Monday 22 February 2010

New Fairy Tales

I am delighted to announce that I am now the Associate Poetry Editor for New Fairy Tales magazine - www.newfairytales.co.uk and excited to be working with Editor Claire Massey and fellow Associate Editor Andy Hedgecock, who also currently works on seminal British Sci-Fi mag Interzone. Check out Claire's blog The Fairy Tale Cupboard which is chock full of brilliant links, articles and thoughts on all things fairytaley.

I also attended Prof Ronald Hutton's talk on the history of the fairy tale in Britain last week at the Barbican which was a useful reminder of the social functions of fairy tales (to stop people from doing dangerous things or meeting dangerous people; to provide a framework that describes psychological and cultural events such as postnatal depression, or as a structure to frame the treatment of disablement, for instance) as well as the more supernatural explanations. The tone of his talk was very open and he at no point rubbished the idea of the faery as mere fantasy, acceding that there is too large a bank of strange experiences on the part of to many people for it to be dismissed out of hand. He made the interesting observation that we are the first culture not to have an explanation of fairy sightings / disturbances, regardless of what that theory might be: our common cultural approach seems to be dismissal. Like Dana Scully, I take the view that phenomenon exist, so dismissal is not an option. Most of the time there is probably an explanation - we just don't have the right frame of reference to address it properly.
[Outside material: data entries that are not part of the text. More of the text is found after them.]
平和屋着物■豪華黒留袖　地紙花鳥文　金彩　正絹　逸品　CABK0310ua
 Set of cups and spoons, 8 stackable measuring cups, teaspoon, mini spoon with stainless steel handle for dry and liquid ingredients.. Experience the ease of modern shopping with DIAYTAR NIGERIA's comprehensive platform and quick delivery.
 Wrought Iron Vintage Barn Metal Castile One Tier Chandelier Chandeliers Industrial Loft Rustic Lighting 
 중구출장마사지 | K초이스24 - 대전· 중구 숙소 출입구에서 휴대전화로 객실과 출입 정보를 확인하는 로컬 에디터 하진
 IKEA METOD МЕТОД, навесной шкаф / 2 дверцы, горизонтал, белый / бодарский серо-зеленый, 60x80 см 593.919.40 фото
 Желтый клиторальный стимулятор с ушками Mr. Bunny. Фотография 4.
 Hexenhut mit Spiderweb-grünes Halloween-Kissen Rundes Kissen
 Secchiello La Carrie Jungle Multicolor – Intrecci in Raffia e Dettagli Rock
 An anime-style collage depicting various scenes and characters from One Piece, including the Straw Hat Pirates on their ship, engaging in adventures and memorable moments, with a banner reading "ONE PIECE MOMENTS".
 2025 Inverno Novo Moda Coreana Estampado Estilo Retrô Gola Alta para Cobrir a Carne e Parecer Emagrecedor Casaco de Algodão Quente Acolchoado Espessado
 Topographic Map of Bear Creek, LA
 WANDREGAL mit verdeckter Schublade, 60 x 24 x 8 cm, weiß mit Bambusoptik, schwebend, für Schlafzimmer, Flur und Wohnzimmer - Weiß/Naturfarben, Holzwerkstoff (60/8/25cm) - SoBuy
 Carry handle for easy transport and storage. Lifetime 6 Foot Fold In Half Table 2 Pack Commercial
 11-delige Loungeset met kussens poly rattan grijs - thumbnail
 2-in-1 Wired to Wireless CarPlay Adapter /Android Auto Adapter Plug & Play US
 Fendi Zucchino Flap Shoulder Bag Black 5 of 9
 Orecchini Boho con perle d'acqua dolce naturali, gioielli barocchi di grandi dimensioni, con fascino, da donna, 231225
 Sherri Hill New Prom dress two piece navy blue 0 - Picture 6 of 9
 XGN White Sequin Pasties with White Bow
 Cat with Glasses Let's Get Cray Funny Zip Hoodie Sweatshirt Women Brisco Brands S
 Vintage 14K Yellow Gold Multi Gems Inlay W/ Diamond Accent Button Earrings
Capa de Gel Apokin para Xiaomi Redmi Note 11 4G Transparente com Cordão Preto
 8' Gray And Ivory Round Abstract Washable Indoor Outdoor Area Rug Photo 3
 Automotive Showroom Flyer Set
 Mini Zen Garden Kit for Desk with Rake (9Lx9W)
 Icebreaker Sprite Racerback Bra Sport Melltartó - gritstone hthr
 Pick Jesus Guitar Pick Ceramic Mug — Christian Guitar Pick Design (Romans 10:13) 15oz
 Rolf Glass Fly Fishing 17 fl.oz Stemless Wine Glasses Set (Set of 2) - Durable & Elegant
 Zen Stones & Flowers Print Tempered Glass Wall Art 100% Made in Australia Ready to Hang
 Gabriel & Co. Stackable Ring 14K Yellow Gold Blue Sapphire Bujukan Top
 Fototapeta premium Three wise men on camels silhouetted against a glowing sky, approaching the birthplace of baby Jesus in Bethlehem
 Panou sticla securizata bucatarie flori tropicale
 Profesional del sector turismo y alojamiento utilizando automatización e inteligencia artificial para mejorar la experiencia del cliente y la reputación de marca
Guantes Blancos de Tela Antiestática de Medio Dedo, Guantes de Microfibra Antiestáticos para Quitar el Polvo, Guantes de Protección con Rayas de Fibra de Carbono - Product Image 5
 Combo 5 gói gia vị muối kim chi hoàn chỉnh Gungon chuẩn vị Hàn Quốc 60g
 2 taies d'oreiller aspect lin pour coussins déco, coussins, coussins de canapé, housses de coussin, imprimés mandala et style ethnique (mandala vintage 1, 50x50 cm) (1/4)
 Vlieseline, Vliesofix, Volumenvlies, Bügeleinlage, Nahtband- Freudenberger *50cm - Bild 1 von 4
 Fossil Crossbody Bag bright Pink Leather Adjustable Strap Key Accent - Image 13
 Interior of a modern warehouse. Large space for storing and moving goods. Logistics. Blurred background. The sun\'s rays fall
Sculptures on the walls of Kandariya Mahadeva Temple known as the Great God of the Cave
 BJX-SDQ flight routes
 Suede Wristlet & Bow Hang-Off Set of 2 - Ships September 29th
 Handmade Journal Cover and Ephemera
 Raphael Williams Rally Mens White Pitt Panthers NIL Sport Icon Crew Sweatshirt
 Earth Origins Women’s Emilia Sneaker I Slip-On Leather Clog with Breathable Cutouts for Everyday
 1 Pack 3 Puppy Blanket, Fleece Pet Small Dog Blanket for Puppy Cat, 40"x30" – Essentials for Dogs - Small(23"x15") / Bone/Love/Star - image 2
What we think of as science will doubtless catch up one day.

New Fairy Tales is now also accepting submissions of fiction, artwork and poetry, so if you would like your work to be considered for the May 2010 issue please visit the Submissions page of the New Fairy Tales site for more details.

Tuesday 16 February 2010

The Studio of Paula Rego

A found/cutup poem "The Studio of Paula Rego" from my now-finished second book is now online at the excellent online magazine The Literateur.

Literateur = "One who is almost obnoxiously well acquainted with literature and takes care to frequently remind you of this fact".

(Cough) I'd never be so bold.

Seeing "arch-historian" Ronald Hutton at the Barbican on Thursday. Can't wait!

Tuesday 9 February 2010

Taking a bite out of books

I've been working on a writing project called Bookbite recently, and am pleased to say that it has just launched its website, with a lovely printed book to accompany it soon. All glossy.

Bookbite is a project encouraging reading and writing in the over 60s, and I've produced some writing tips sections for it - getting started writing, writing a short story, writing your autobiography and setting up a writer's club. I'm really pleased to help such an impressive and wide reaching project. Encouraging anyone to write is very close to my heart, so it means a lot to me to be involved.